It would be easy to call Harry Moseby (Hackman) a little on the slow side – he’s a former professional football player, who now makes his living as a P.I. – mainly doing divorce and runaway cases. His wife asks him to go to an Erich Rohmer movie with her, but he declines. “I saw a Rohmer movie once. It was kinda of like watching paint dry” he says in the film’s most famous line of dialogue. He doesn’t realize that his wife, Ellen (Susan Clark) is cheating on him – and even when he finds out, he seems to be acting hurt more than actually being hurt.

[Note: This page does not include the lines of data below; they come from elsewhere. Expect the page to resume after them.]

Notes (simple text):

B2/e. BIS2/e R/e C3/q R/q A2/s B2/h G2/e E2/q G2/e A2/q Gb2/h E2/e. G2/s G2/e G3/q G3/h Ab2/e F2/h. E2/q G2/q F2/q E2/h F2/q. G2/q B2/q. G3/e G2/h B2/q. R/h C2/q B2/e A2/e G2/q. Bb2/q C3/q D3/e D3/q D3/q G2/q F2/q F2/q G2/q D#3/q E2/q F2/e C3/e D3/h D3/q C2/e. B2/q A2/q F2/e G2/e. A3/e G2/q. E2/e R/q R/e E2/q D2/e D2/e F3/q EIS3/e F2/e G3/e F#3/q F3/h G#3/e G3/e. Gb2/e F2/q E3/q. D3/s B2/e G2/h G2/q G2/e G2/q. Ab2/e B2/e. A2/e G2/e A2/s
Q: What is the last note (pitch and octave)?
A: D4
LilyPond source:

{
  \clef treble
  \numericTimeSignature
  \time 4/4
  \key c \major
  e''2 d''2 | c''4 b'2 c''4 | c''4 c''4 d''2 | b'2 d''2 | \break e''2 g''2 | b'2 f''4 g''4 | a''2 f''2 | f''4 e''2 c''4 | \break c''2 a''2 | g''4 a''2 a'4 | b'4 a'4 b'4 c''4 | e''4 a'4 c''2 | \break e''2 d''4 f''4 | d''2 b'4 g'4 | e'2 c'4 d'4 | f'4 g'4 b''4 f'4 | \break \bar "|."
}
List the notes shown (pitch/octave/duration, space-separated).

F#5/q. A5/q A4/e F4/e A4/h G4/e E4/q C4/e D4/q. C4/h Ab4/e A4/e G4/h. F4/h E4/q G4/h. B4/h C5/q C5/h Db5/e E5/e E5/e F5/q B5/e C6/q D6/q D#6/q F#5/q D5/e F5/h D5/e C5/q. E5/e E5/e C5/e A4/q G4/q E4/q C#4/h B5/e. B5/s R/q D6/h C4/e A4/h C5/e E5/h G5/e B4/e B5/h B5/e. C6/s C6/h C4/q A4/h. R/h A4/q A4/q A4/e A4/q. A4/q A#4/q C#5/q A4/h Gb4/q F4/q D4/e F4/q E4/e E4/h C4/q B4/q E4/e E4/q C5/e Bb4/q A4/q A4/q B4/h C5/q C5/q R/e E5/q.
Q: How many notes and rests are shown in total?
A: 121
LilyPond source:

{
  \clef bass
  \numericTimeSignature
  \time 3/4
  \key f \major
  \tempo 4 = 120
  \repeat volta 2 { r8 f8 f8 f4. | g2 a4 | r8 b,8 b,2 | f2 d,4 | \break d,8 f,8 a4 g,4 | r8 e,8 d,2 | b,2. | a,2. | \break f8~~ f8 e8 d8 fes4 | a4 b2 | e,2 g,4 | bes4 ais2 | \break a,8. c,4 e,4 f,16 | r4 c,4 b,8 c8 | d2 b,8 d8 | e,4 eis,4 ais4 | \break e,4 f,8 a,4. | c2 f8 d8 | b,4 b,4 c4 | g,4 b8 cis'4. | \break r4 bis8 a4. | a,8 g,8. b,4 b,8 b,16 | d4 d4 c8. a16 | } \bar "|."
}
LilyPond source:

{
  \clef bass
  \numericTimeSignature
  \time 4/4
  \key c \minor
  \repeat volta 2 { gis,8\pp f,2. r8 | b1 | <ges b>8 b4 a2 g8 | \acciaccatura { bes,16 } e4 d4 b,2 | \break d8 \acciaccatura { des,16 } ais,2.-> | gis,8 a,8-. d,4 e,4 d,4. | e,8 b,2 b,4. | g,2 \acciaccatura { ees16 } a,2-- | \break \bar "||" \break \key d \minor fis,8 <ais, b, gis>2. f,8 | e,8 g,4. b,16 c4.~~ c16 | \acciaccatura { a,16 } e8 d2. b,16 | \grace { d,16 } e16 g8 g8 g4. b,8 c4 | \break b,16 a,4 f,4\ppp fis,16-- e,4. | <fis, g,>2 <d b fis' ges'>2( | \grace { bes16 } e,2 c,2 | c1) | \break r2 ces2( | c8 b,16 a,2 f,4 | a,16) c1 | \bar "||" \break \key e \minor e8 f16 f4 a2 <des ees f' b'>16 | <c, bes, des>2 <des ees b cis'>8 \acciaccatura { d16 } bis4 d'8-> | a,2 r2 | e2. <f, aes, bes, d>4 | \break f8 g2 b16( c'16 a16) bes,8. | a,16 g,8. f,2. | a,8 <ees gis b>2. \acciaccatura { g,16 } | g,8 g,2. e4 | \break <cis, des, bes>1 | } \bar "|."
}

He gets hired by a woman who could be straight out of a Chandler Marlowe novel – Arlene Iverson (Janet Ward) is a former B-movie starlet, who has married and divorced a few rich men in her life, and now is living on all that money, drinking her days into oblivion. She wants Moseby to find her daughter Delly (Melanie Griffith – in her first movie) – a teenager vixen who has taken after her mother, who she hates, in that she’ll sleep with just about any guy who pays her the slightest attention (both mother and daughter will hit on Moseby throughout the movie). Moseby tracks her down in the Florida Keys, living with her ex-stepfather Tom (John Crawford) and his, what? (Girlfriend? Lover? Companion?) Paula (Jennifer Warren). From there the plot gets thicker and more twisted and I won’t say anything else except to say that the movie locks in on Moseby’s point of view, and he makes deductions and assumptions that seem to make sense at the time. Watching the film both times I have, I’d be hard pressed to come up with a different solution than Moseby does – even the second time through when I knew the mysteries. The movie doesn’t play like a typical mystery film where the director and writer plant clues for the audience to put together as the movie goes along. There’s no real way you could figure out what really happened as you watch the movie – not because the movie withholds the information (not really anyway), but because Moseby doesn’t see all the pieces of the puzzle until it’s too late – and neither do we. And looking back at all the puzzle pieces at the end of the movie, I’m sure there will be quite a few viewers like myself who still don’t think they fully understand what the hell happened or why. In a sense, we’re stuck on that boat with Moseby going round and round wondering what the hell went wrong.

In many movies, that would be a flaw – and I’m sure that the people who spend their time trying hard to decode every movie – treating them as a puzzle to be solved rather than a work of art to be interpreted will think it’s a flaw here as well. It’s not one to me though, because although Night Moves looks like a typical noir mystery, it really isn’t – it doesn’t really care about the plot, which after all really is kind of ridiculous (the devious conspiracy plot involves smuggling, and really could come out of Hardy Boys novel “They’re all about smugglers.” “Except this one: The Smugglers of Pirate’s Cove. It’s about pirates”)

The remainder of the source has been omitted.